The Miracle of Morgan's Creek (Preston Sturges / U.S., 1944):

It rouses a provincial burg and warms the governor's venal heart, "the biggest thing happening to this state since we stole it from the Indians." Patriotism in the Midwest home front is a mighty aphrodisiac, so learns the Kockenlocker clan when the shopgirl (Betty Hutton) skips off to the boogie-woogie orgy that is a farewell party for soldiers, a kaleidoscope of jitterbugging and spiked lemonade. "Ya gotta kiss the boys goodbye." The morning after brings a forgotten marriage and the following weeks a surprise pregnancy, the maiden's delicate condition envelops the lovelorn schnook (Eddie Bracken) in a perpetual blur of stutters and spots. Her father the town constable (William Demarest) kicks the air as her sardonic sister (Diana Lynn) walks away, all he wanted was to sit on the porch and polish his pistol and now he has to deal with bigamy and jailbreak. "Daughters. Phooey." Preston Sturges at his most cyclonic, the salacious and the sublime in continuous collision and fusion. The cluck was made to take the fall "like the ox was made to eat and the grape was made to drink," the girl is moved by his devotion and triggers his paroxysms with a confession, a couple of extended tracking shots ponder their zigzagging emotions. The dowager and her trombone at the military shindig, the hero who ambles dazedly through a screen door and trembles in a baggy doughboy uniform, the justice of the peace with reassuring words for nervous lovebirds: "Nothing to be scared of. People do it everyday.

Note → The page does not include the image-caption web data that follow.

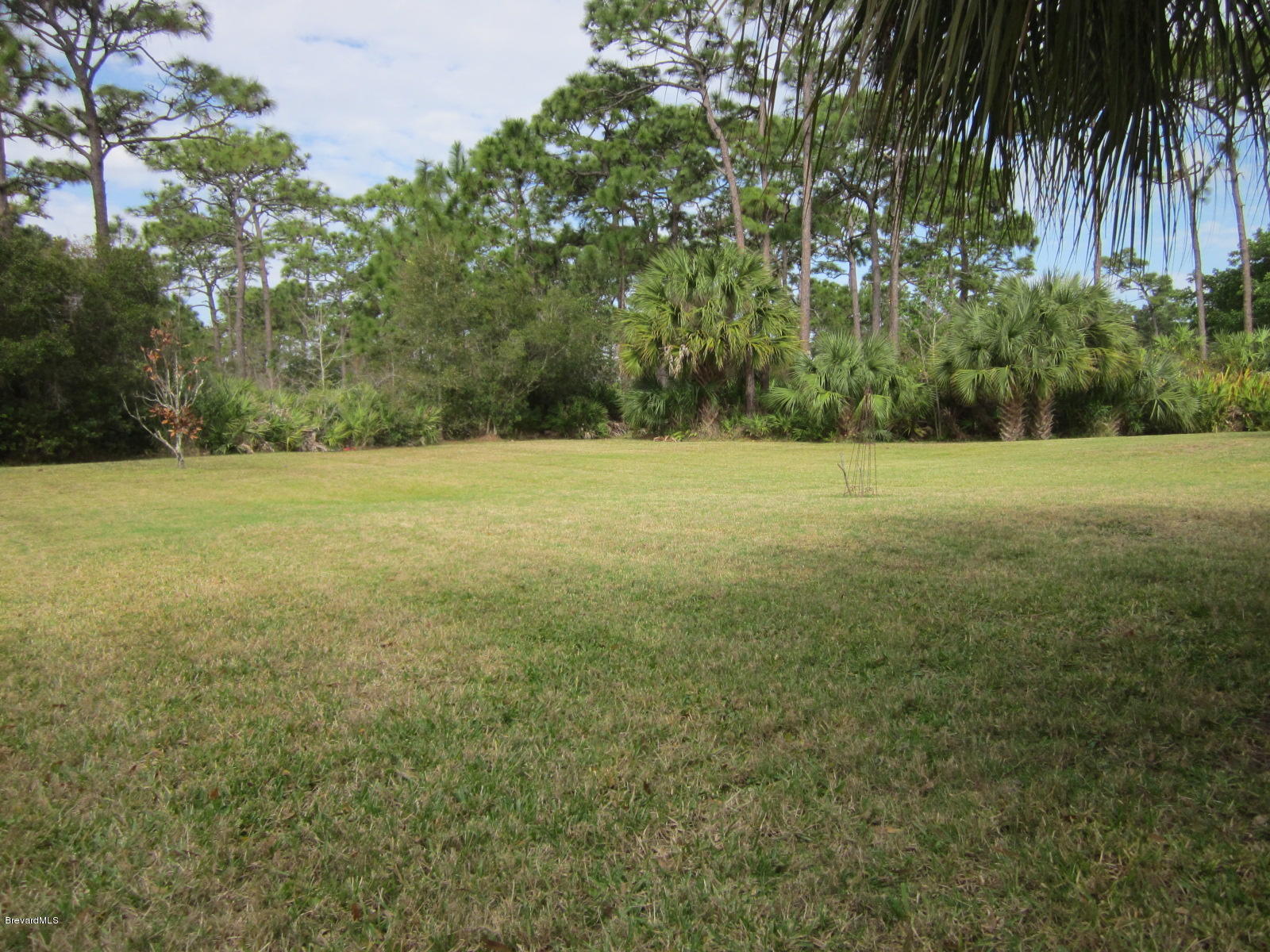 4270 Windover Way Melbourne, FL 32934 - Photo 6 of 11 IMG_2052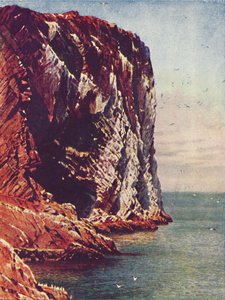 Bass Rock, 1910 - Harold Sutton Palmer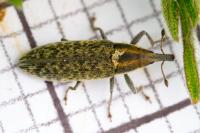 Lixus filiformis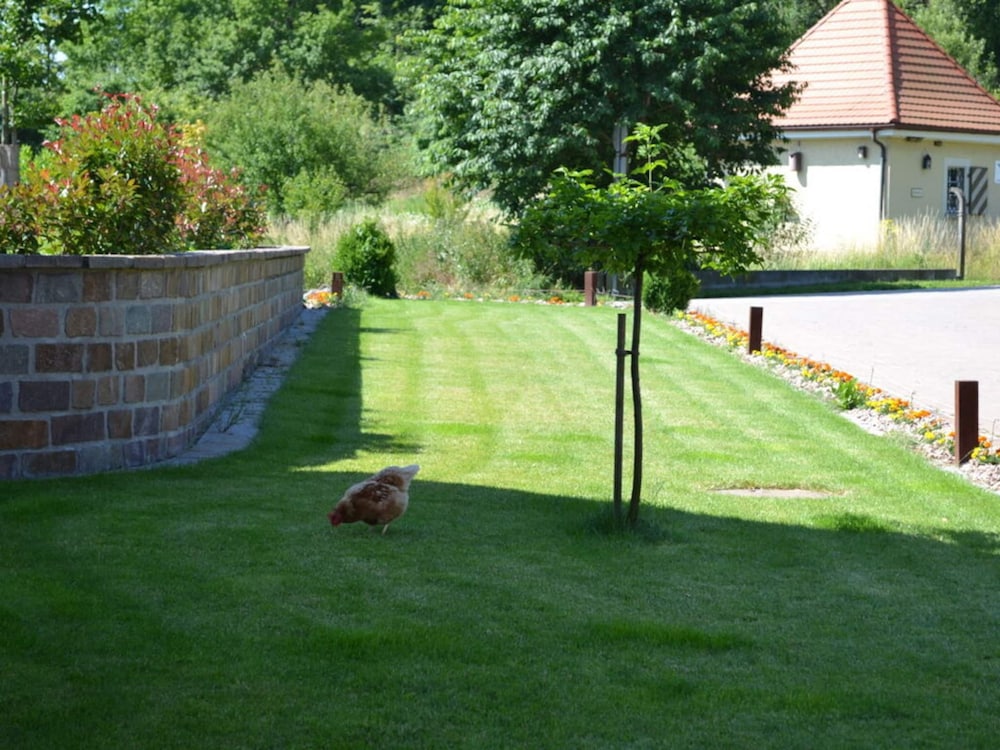 Vakantiewoning in Zwarte Woud
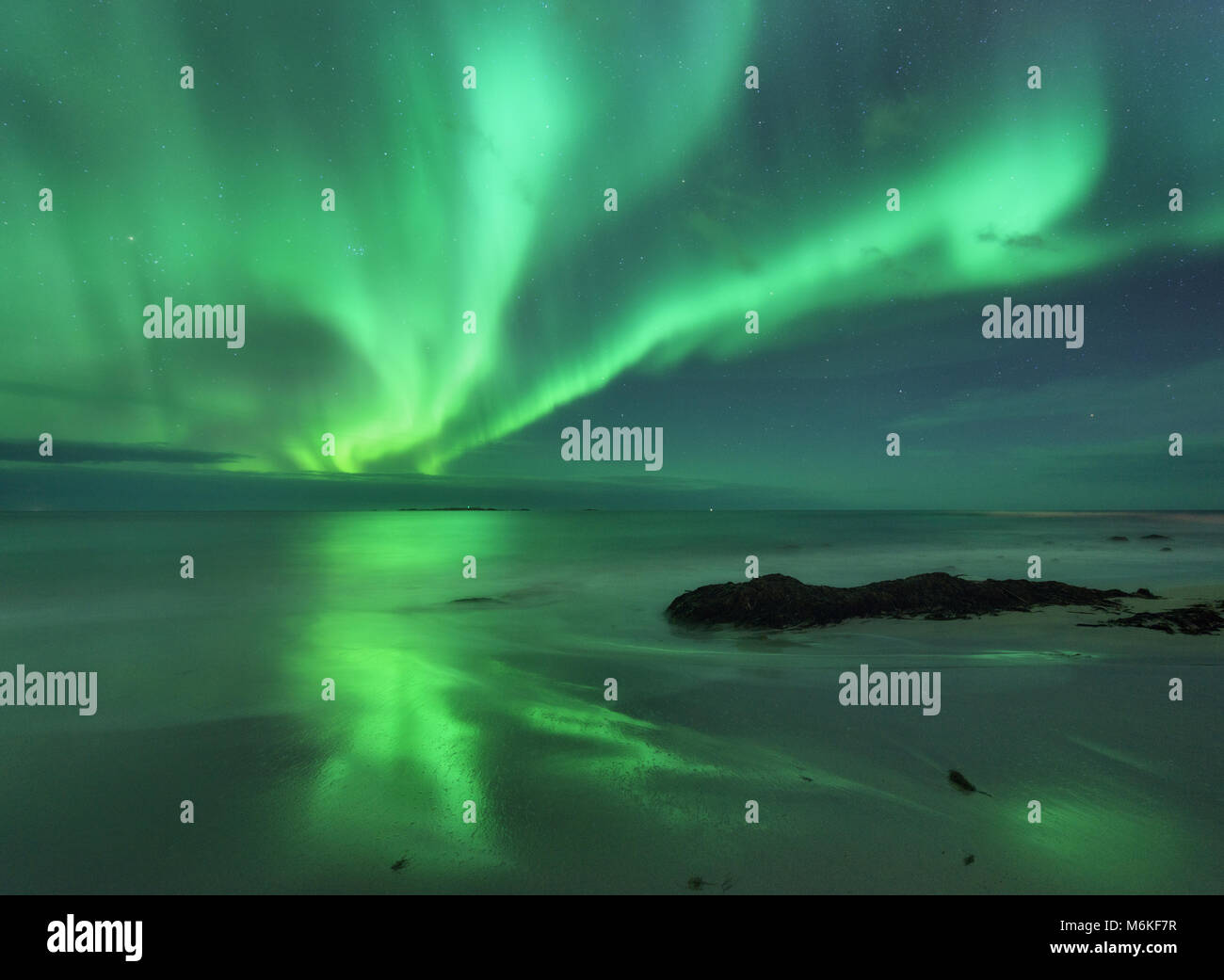 Aurora auf dem Meer. Nordlicht in Lofoten Inseln, Norwegen. Sternenhimmel mit Polarlichter. Nacht Landschaft mit Aurora, Meer mit fliessend Wasser und s Stockfoto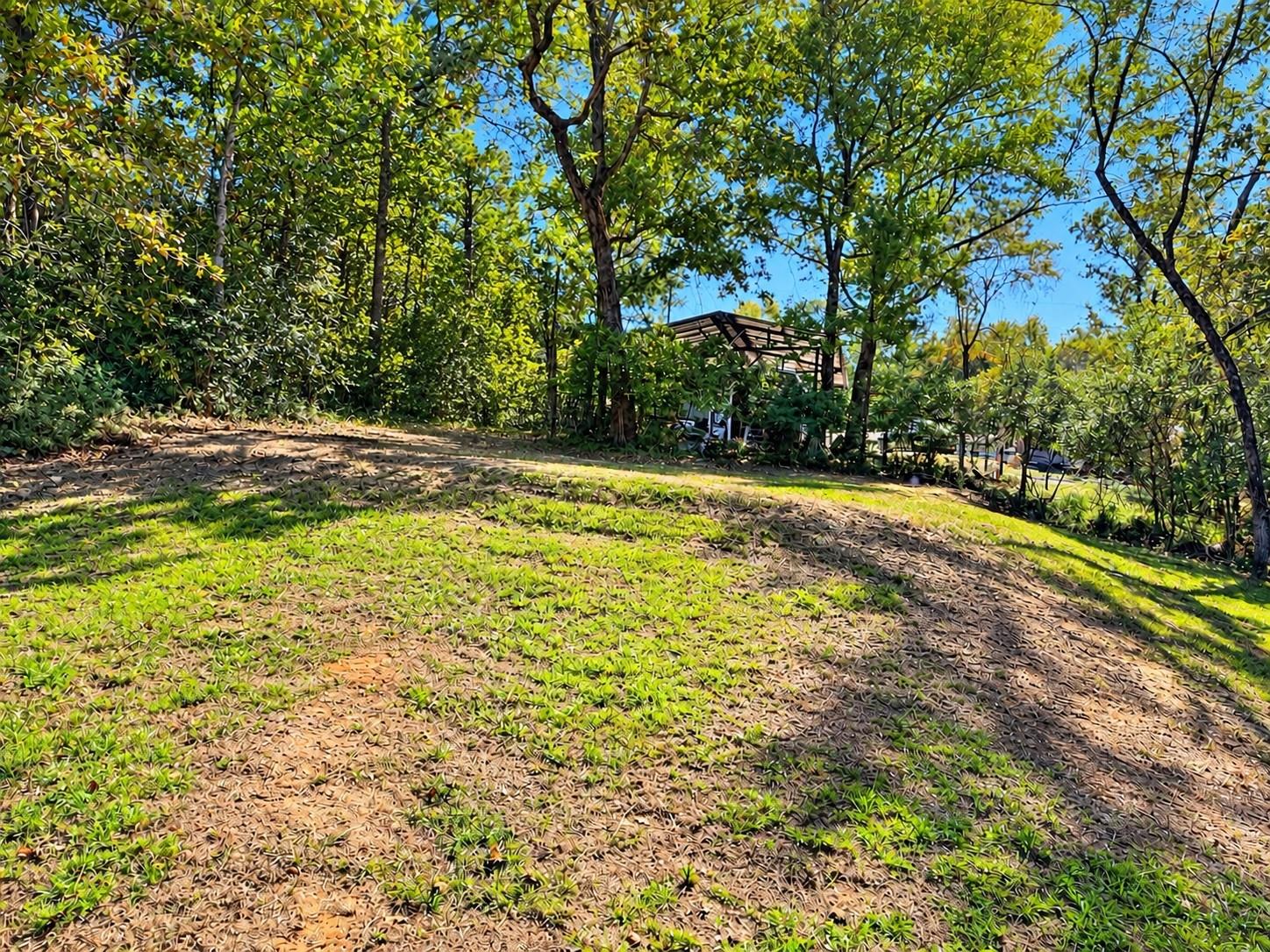 333 Ridge Trail, Trinity, TX 75862 — photo 3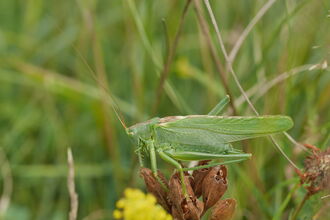 Great Green Bush-cricket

The bad part comes later." Sturges' Nativity finds a cow in the kitchen and the holy offering of plum pudding, his punchline has propaganda trumping prudishness before the gift of superabundance. ("Hitler Demands Recount," screams a front-page headline.) Among the responses are Delaney's A Taste of Honey and Germi's Seduced and Abandoned. Cinematography by John Seitz. With Porter Hall, Emory Parnell, Al Bridge, Julius Tannen, Jimmy Conlin, Brian Donlevy, and Akim Tamiroff. In black and white.